Déjà empêtrée dans des litiges à cause des problèmes de bruit et d'une querelle sur sa gouvernance, la direction de l'aéroport de Saint-Hubert fait face à une troisième poursuite en un peu plus d'un an. Une entreprise d'aviation l'accuse de vouloir saboter une entente de principe, qui lui aurait permis de louer un terrain afin d'agrandir ses installations.

Avtech, propriété des hommes d'affaires Denis Charest et Serge Charron, loue un hangar situé à l'aéroport depuis plusieurs années. Elle sous-loue ces installations au transporteur régional Pascan, une société soeur qui appartient à M. Charron.

Les affaires de Pascan se portent bien. L'entreprise possédait huit avions en 2005. Elle en exploite maintenant 21. La croissance a entraîné toutefois un problème de taille: l'entreprise a cruellement besoin d'espace supplémentaire pour garer et entretenir ses appareils. Avtech souhaite louer un terrain adjacent à ses installations afin d'y construire un nouveau hangar et le sous-louer à sa compagnie soeur.

Mais voilà, l'entreprise est incapable de signer un bail. Selon une poursuite qu'elle a déposée en Cour supérieure, la semaine dernière, c'est en raison de la «mauvaise foi» de l'organisme sans but lucratif qui gère l'aéroport, DASH-L.

Avtech dit avoir conclu une entente de principe pour modifier son bail en novembre dernier. Mais depuis, affirme-t-elle dans sa requête, le conseil d'administration de DASH-L multiplie les tentatives pour empêcher la ratification du pacte.

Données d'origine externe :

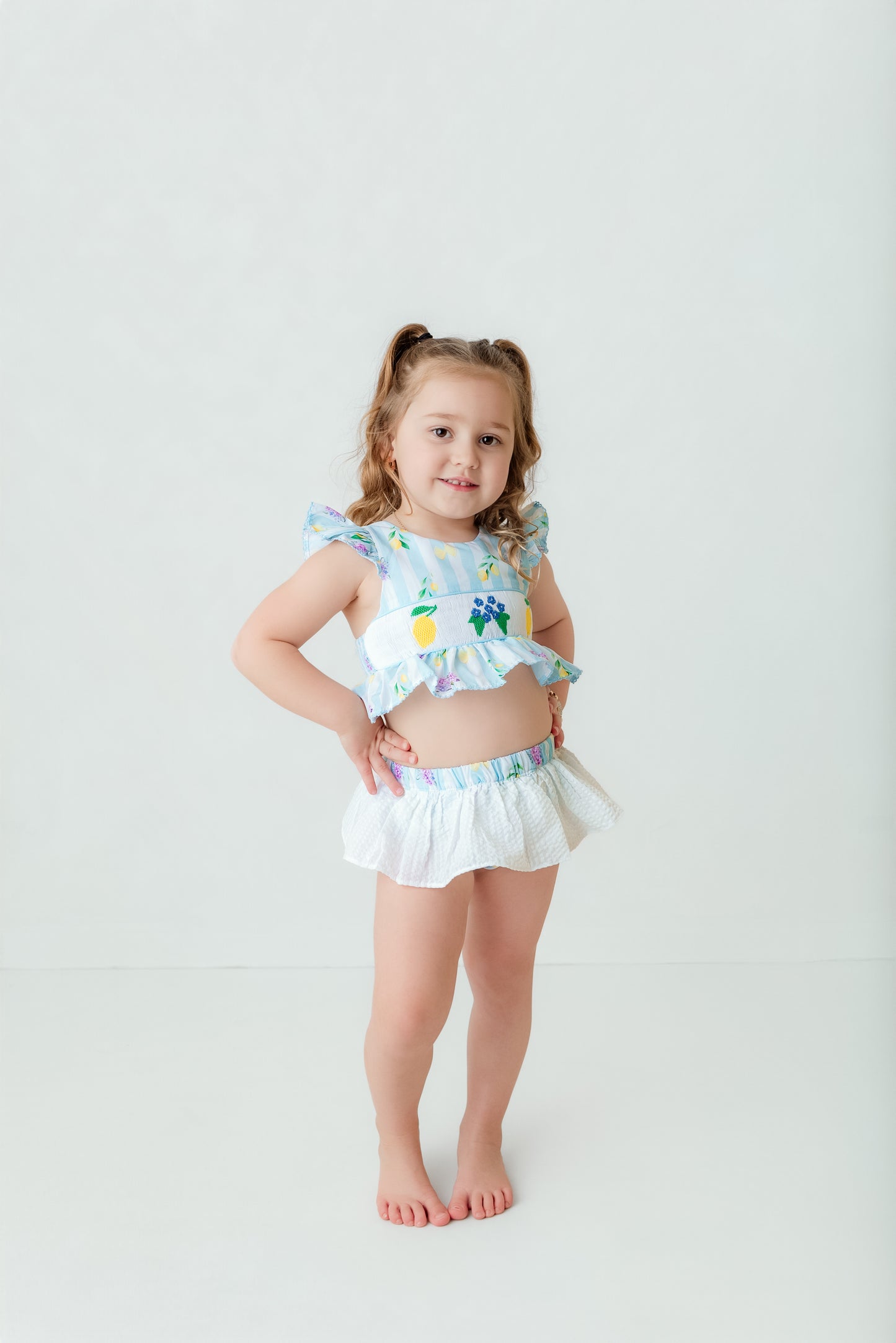 Girls smocked bikini
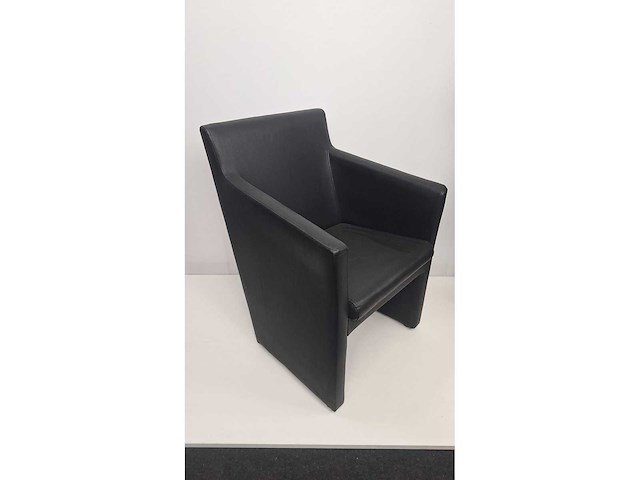 Clubzetel in zwart leder - afbeelding 3 van  8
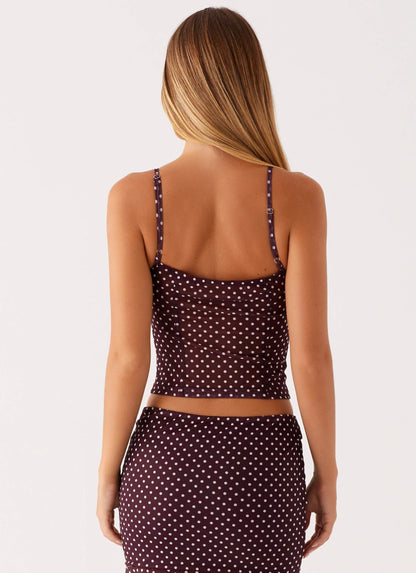 Buffy Top Burgundy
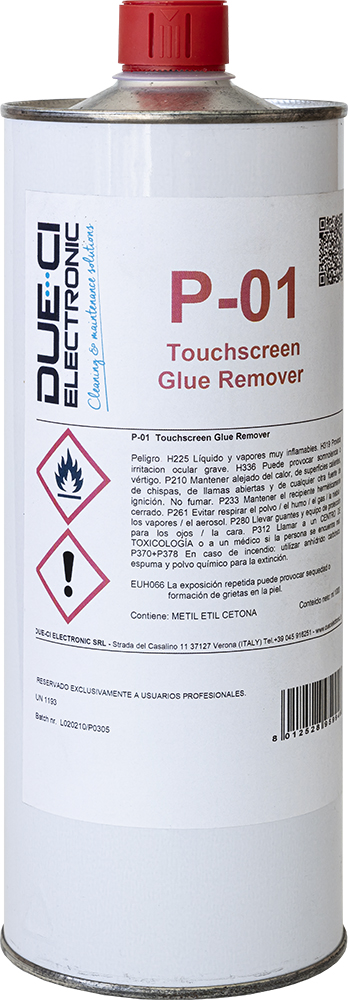 Lata de Solvente p/ Remoção de Colas de Displays Tácteis (1L) - DUE-CI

Selon Avtech, l'administration agit ainsi sous l'influence de la Ville de Longueuil dans le but de favoriser une entreprise qui souhaite bâtir un aérogare sur les terrains de l'aéroport, Aérocentre YHU Longueuil. Cette société appartient à l'homme d'affaires Gordon Livingstone, qui est membre du conseil d'administration de DASH-L.

«Non seulement la défenderesse DASH-L a refusé de donner suite à l'entente pour raison de conflit d'intérêts, mais depuis elle a tout fait afin de retarder le processus d'approbation de ce bail en faisant des demandes illégales, sous la direction de la Ville de Longueuil, démontrant son hostilité et sa mauvaise foi à l'égard de la demanderesse ou de Pascan», allègue la poursuite.

En appui à sa requête, l'entreprise a présenté à la Cour un document signé par son président et par l'ancien directeur général de DASH-L, Sylvain Gonthier. On peut y lire que «la signature du directeur général entraînera la responsabilité de DASH-L lorsque les termes du bail seront approuvés par la majorité des membres du conseil d'administration de DASH-L». Or, le conseil a rejeté cette entente.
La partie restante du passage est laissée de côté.